3. Manajemen pengetahuan terkait dengan pengetahuan orang. Pada suatu saat, organisasi membutuhkan orang-orang yang kompeten untuk memahami dan memanfaatkan informasi dengan efektif. Organisasi terkait dengan individu untuk melakukan inovasi dan memberi petunjuk kepada organisasi. Organisasi juga terkait dengan persoalan keahlian yang menyediakan input untuk menerapkan manajemen pengetahuan. Oleh karena itu, organisasi harus mempertimbangkan bagaimana menarik, mengembangkan, dan mempertahankan pengetahuan anggota sebagai bagian dari domain manajemen pengetahuan.

4. Manajemen pengetahuan terkait dengan peningkatan efektivitas organisasi. Kita berkonsentrasi dengan manajemen pengetahuan karena dipercaya bahwa manajemen pengetahuan dapat memberikan kontribusi kepada vitalitas dan kesuksesan perusahaan. Upaya untuk mengukur modal intelektual dan untuk menilai efektivitas manajemen pengetahuan harus dapat membantu kita memahami secara luas pengelolaan pengetahuan yang telah dilakukan.

Selain mengusulkan suatu konsensus mengenai pengertian manajemen pengetahuan, Tannebaum juga memberikan penjelasan mengenai karakteristik berbagai aktivitas manajemen pengetahuan. Manajemen pengetahuan menurut Tannebaum terdiri dari:

1. Pengembangan database organisasi mengenai pelanggan, masalah yang bersifat umum serta pemecahannya;

(6)

2. Mengenali para ahli internal, memperjelas apa yang mereka ketahui, dan mengembangkan kamus yang menjelaskan sumber daya internal kunci dan mengenali bagaimana menemukannya;

3. Mendapatkan dan menangkap pengetahuan dari para ahli tersebut untuk disebarkan ke yang lain;

4. Mendesain struktur pengetahuan yang membantu mengelola informasi dalam suatu cara yang dapat diakses dan siap untuk diaplikasikan;

5. Menciptakan forum bagi orang-orang yang ada di dalam perusahaan untuk berbagi pengalaman dan ide, baik dalam bentuk tatap muka, berkomunikasi melalui internet, website, chatting room, email, dan lain-lain;

6. Memanfaatkan groupware sehingga memungkinkan berbagai macam orang di lokasi yang berbeda dapat berkomunikasi untuk menyelesaikan masalah secara bersama-sama dan mencatat informasi di dalam suatu domain pengetahuan yang telah dipilih;

7. Bertindak untuk mengenali dan mempertahankan talenta orang-orang yang memiliki pengetahuan yang diperlukan di dalam bidang kegiatan utama bisnis;

8. Mendesain pelatihan dan aktivitas pengembangan lainnya untuk menilai dan membangun pengetahuan internal;

9. Menerapkan praktik penghargaan, pengakuan, dan promosi yang mendorong berlangsungnya kegiatan berbagi informasi antar anggota maupun antar unit dalam organisasi;

10. Membantu pekerjaan serta menyediakan alat-alat yang mendukung kinerja sehingga memungkinkan setiap orang menilai dan menerapkan pengetahuan apabila diperlukan;

11. Memaknai database pelanggan, produk, transaksi atau hasil dengan mengenali kecenderungan dan menggali informasi sebanyak mungkin;

12. Mengukur modal intelektual di dalam upaya mengelola pengetahuan yang lebih baik;

13. Menangkap dan menganalisis informasi yang terkait dengan perhatian pelanggan, pilihan-pilihan, dan kebutuhan dari lapangan, front line atau

(7)

personil bagian pelayanan didorong untuk mampu memahami dengan lebih baik terhadap kecenderungan pelanggan.

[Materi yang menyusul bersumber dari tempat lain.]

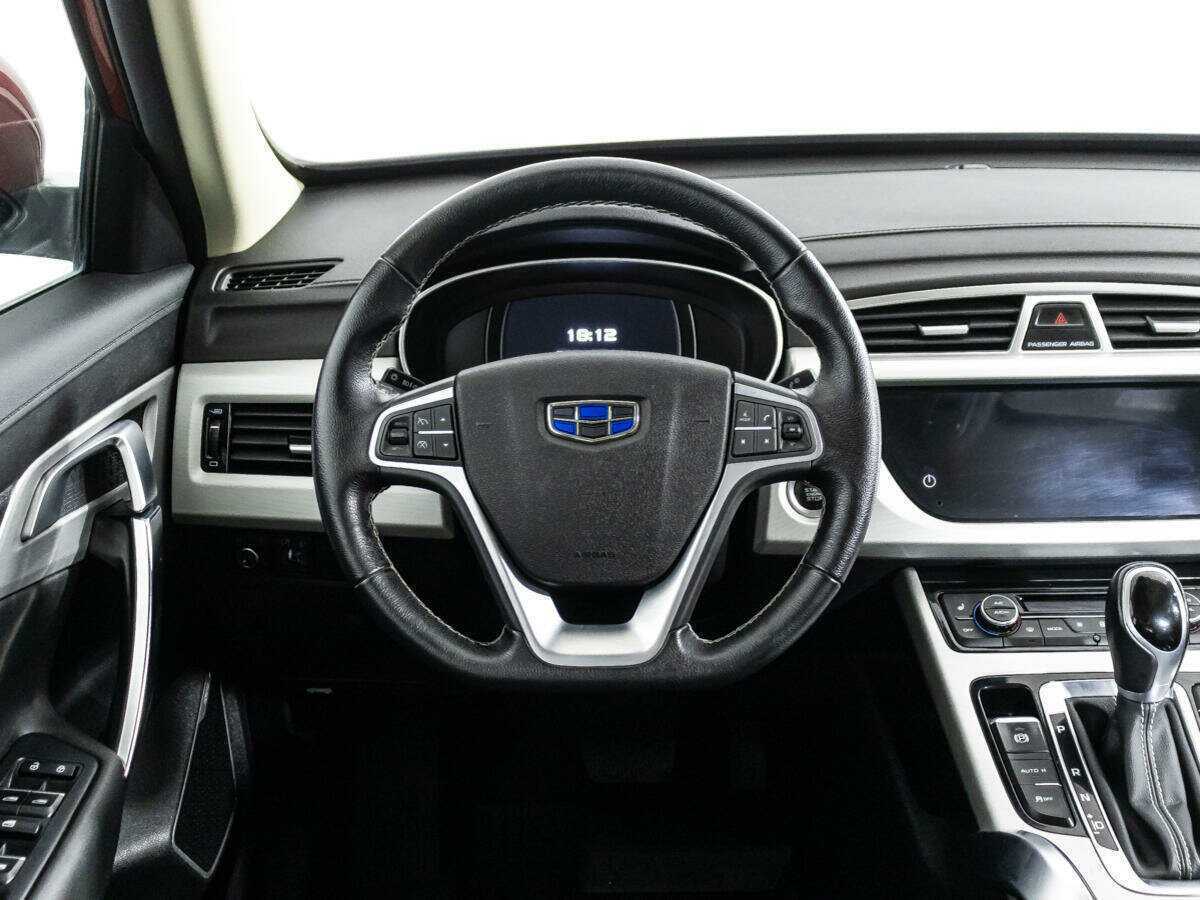 Купить Джили Атлас, 2021, 110 181 км.. Фото: #22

2.3 Manfaat Manajemen Pengetahuan

Manfaat manajemen pengetahuan dapat dilihat dalam kaitannya dengan penggunaan pengetahuan sebagai basis untuk melahirkan inovasi, meningkatkan responsivitas terhadap kebutuhan stakeholders, meningkatkan produktivitas dan kompetensi karyawan yang telah diberi tugas dan tanggung jawab. Pengetahuan dan kapabilitas merupakan sumber daya yang berkelanjutan bagi organisasi. Adapun manfaat manajemen pengetahuan menurut Tobing (2007) berdampak kepada berbagai bidang berikut:

1. Bidang operasi dan pelayanan

Saat ini telah terjadi perubahan dari industri manufaktur ke industri jasa yang berimplikasi terhadap karakteristik dari pekerjaan (job characteristic). Dalam industri manufaktur, pekerja melakukan aktifitas yang sifatnya berulang sesuai dengan instruksi kerja yang ketat dan menghasilkan sesuatu barang yang berwujud atau tangible. Sedangkan dalam industri jasa, tindakan-tindakan yang dilakukan pekerja bersifat unik yang membutuhkan proses pengambilan keputusan yang kompleks berdasarkan pengertian dan pengetahuan yang dimiliki oleh pekerja. Pekerjaan ini sering disebut knowledge work dan pekerjanya disebut knowledge worker.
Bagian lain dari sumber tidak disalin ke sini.